Beim Treffen der europäischen Regierungschefs am Sonntag, auf dem es über neue verheerende Sparmaßnahmen für Griechenland und den möglichen Austritt des Landes aus dem Euro ging, traten die Konflikte zwischen den europäischen Großmächten offen zutage.

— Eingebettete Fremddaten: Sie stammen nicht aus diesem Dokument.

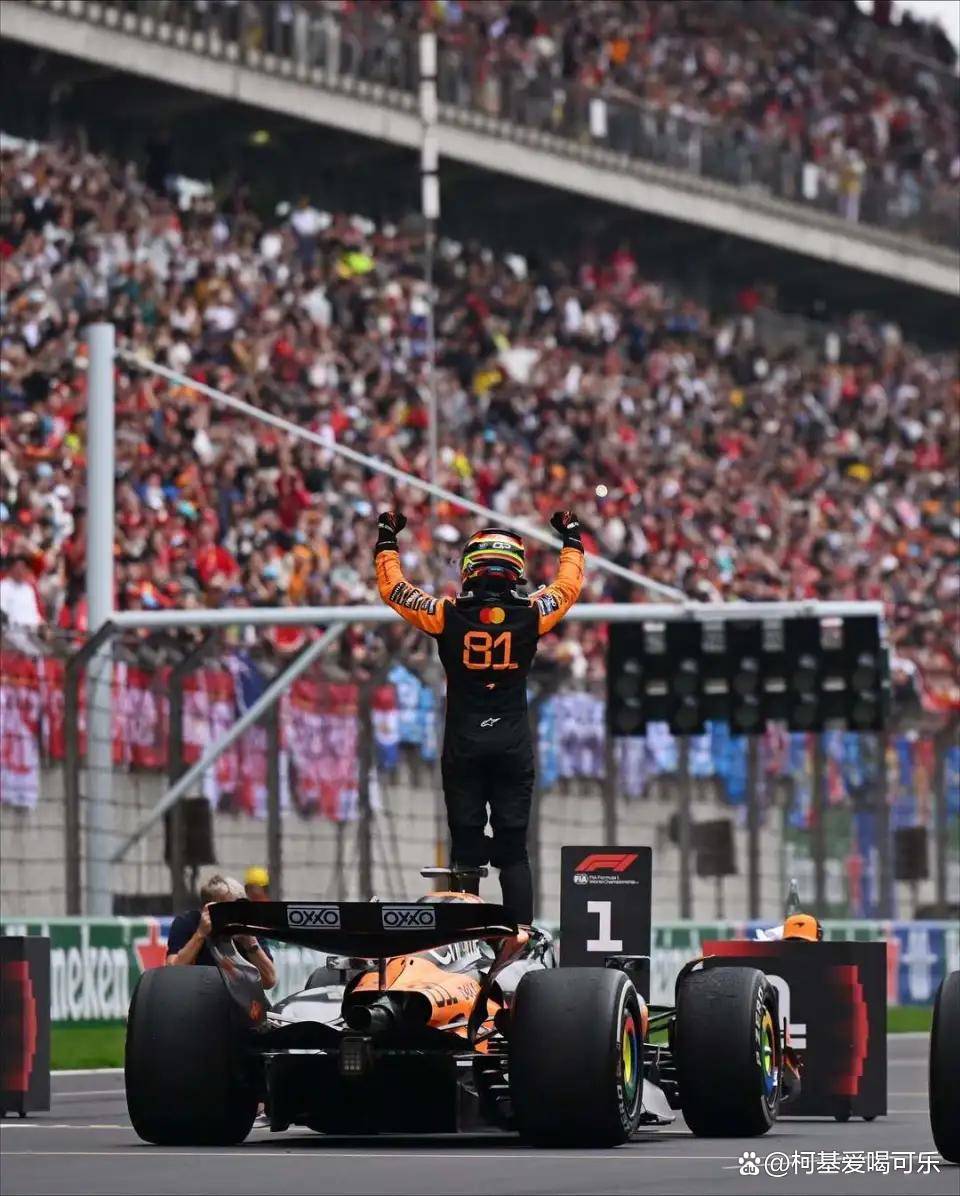 红牛车队翻盘迈凯伦，皮亚斯特里点燃赛场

Deutschland trat am aggressivsten auf, um Griechenland die härtesten Bedingungen zu diktieren. Einige der Vorschläge laufen darauf hinaus, Griechenland praktisch auf den Status einer Halbkolonie zu degradieren. Berlin versuchte nicht nur, Griechenland unter Androhung des Ausschlusses aus der Eurozone in die Knie zu zwingen, sondern auch, die anderen großen Eurostaaten wie Frankreich und Italien auf seine Linie zu bringen.
 

Der italienische Premierminister Matteo Renzi erklärte zu Beginn der Verhandlungen, Italien lehne weitere Forderungen an Griechenland unter Androhung des Ausschlusses aus der Eurozone (Grexit) ab. Er betonte, die Eurozone akzeptiere die Sparvorschläge des griechischen Premierministers Alexis Tsipras in Höhe von dreizehn Milliarden Euro, die von französischen und griechischen Staatsvertretern ausgearbeitet worden waren. Damit setzte sich Tsipras über den Willen der griechischen Bevölkerung hinweg, die am 5. Juli bei einem Referendum über den Sparkurs der EU mit deutlicher Mehrheit mit „Nein“ gestimmt hatte.

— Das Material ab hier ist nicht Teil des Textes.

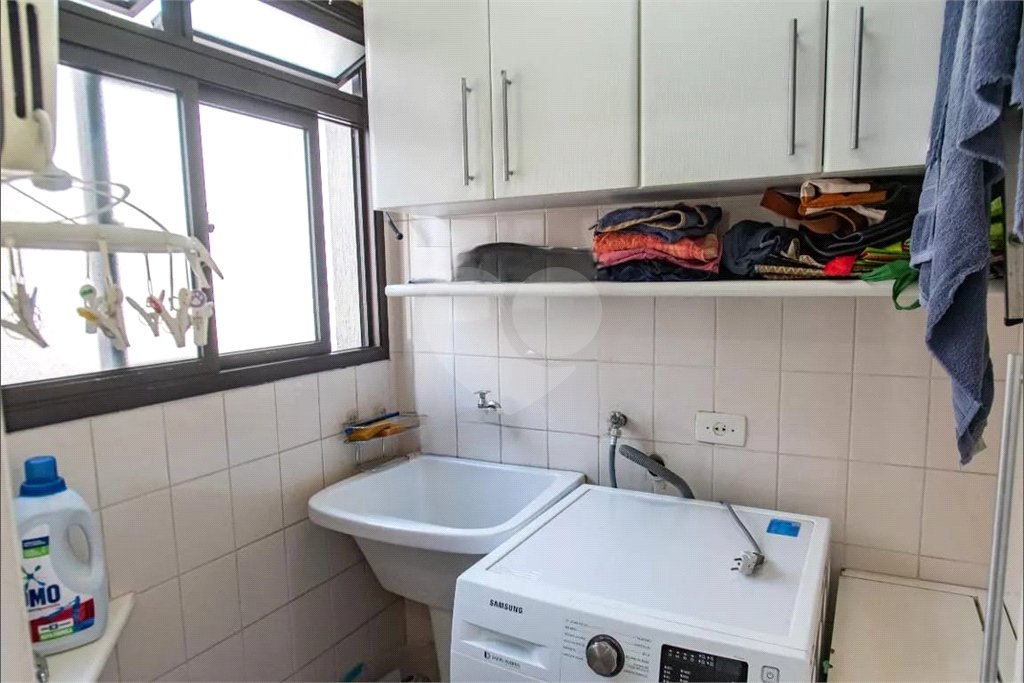 Apartamento à venda na Vila Mariana, 63 m², 2 dormitórios sendo 1 suíte, sacada, 2 vagas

„Italien will keinen Austritt Griechenlands aus dem Euro, und in Richtung Deutschland sage ich: Genug ist genug“, sagte Renzi laute der Zeitung Il Messaggero. „Jetzt, wo Tsipras Vorschläge gemacht hat, die den europäischen Forderungen entsprechen, müssen wir uns ganz einfach einigen. Einen europäischen Partner noch weiter zu erniedrigen, nachdem Griechenland in allen Punkten nachgegeben hat, ist undenkbar.“

Zuvor hatte der französische Premierminister Manuel Valls in einer Rede vor der französischen Nationalversammlung erklärt, Frankreich werde einen Grexit nicht akzeptieren. Der luxemburgische Außenminister Jean Asselborn warnte in der Süddeutschen Zeitung, ein Grexit „wäre fatal für den Ruf Deutschlands in der EU und der Welt“. Er erklärte: „Wenn Deutschland es auf einen Grexit anlegt, provoziert es einen tiefgreifenden Konflikt mit Frankreich. Das wäre eine Katastrophe für Europa... Die Verantwortung Deutschlands ist riesig. Es geht jetzt darum, nicht die Gespenster der Vergangenheit heraufzubeschwören.“


Asselborns kaum verhohlene Anspielung auf die Weltkriege des vergangenen Jahrhunderts zeigt die außergewöhnliche Schärfe der wirtschaftlichen und militärischen Spannungen in Europa, deren Wurzeln tief in der Geschichte des europäischen Kapitalismus liegen. Im Zweiten Weltkrieg hatte Deutschland, mit Unterstützung durch lokale faschistische Regimes, Griechenland, Frankreich und große Teile von Italien besetzt.

Berlins unnachgiebige Haltung zeigt, welche Konsequenzen Deutschlands Vormachtstellung in Europa seit dem Ausbruch der Wirtschaftskrise 2008 mit sich bringt. Führende deutsche Akademiker und Politiker fordern, dass Deutschland seine Macht nicht nur wirtschaftlich, sondern auch militärisch durchsetzt. Anfang 2014 verkündete Deutschland offen das Ende der militärischen Zurückhaltung und begann in diesem Jahr mit einem Wiederaufrüstungsprogramm im Wert von mehreren Milliarden Euro.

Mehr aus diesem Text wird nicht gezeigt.